Given any point on a sphere, its antipodal point is the unique point at greatest distance, whether measured intrinsically (great-circle distance on the surface of the sphere) or extrinsically (chordal distance through the sphere's interior). Every great circle on a sphere passing through a point also passes through its antipodal point, and there are infinitely many great circles passing through a pair of antipodal points (unlike the situation for any non-antipodal pair of points, which have a unique great circle passing through both). Many results in spherical geometry depend on choosing non-antipodal points, and degenerate if antipodal points are allowed; for example, a spherical triangle degenerates to an underspecified lune if two of the vertices are antipodal.

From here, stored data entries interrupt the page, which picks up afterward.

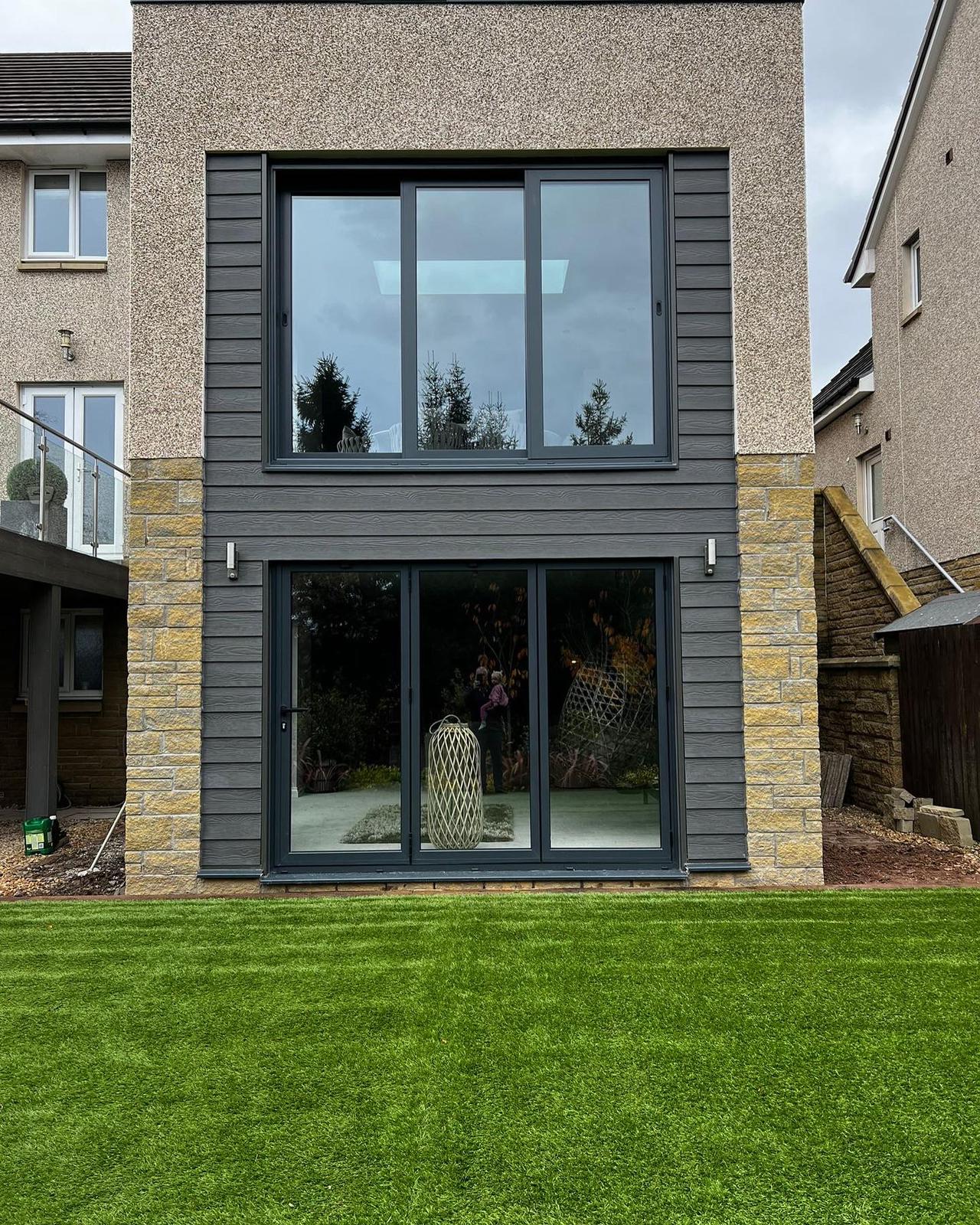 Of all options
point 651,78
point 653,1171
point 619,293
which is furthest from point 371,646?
point 651,78

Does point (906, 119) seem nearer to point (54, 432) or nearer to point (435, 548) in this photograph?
point (435, 548)

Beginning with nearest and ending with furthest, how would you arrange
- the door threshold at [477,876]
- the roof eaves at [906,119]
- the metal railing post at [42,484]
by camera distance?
the door threshold at [477,876], the metal railing post at [42,484], the roof eaves at [906,119]

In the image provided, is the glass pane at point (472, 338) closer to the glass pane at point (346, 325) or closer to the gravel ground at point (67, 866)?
the glass pane at point (346, 325)

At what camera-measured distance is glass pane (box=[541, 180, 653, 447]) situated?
20.9 feet

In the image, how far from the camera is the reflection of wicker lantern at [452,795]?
6219mm

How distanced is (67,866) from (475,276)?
5.61 metres

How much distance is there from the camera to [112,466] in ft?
31.7

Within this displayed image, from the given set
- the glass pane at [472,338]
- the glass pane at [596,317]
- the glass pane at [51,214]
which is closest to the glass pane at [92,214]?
the glass pane at [51,214]

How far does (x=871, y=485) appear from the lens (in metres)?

The point antipodal to a given point is called its antipodes, from the Greek ἀντίποδες (antípodes) meaning "opposite feet"; see Antipodes § Etymology. Sometimes the s is dropped, and this is rendered antipode, a back-formation.

== Higher mathematics ==
The concept of antipodal points is generalized to spheres of any dimension: two points on the sphere are antipodal if they are opposite through the centre. Each line through the centre intersects the sphere in two points, one for each ray emanating from the centre, and these two points are antipodal.

The Borsuk–Ulam theorem is a result from algebraic topology dealing with such pairs of points. It says that any continuous function from $S^n$ to $\R^n$ maps some pair of antipodal points in $S^n$ to the same point in $\R^n.$ Here, $S^n$ denotes the $n$-dimensional sphere and $\R^n$ is $n$-dimensional real coordinate space.

The antipodal map $A : S^n \to S^n$ sends every point on the sphere to its antipodal point. If points on the $n$-sphere are represented as displacement vectors from the sphere's center in Euclidean $(n+1)$-space, then two antipodal points are represented by additive inverses $\mathbf{v}$ and $-\mathbf{v},$ and the antipodal map can be defined as $A(\mathbf{x}) = -\mathbf{x}.$ The antipodal map preserves orientation (is homotopic to the identity map) when $n$ is odd, and reverses it when $n$ is even. Its degree is $(-1)^{n+1}.$

If antipodal points are identified (considered equivalent), the sphere becomes a model of real projective space.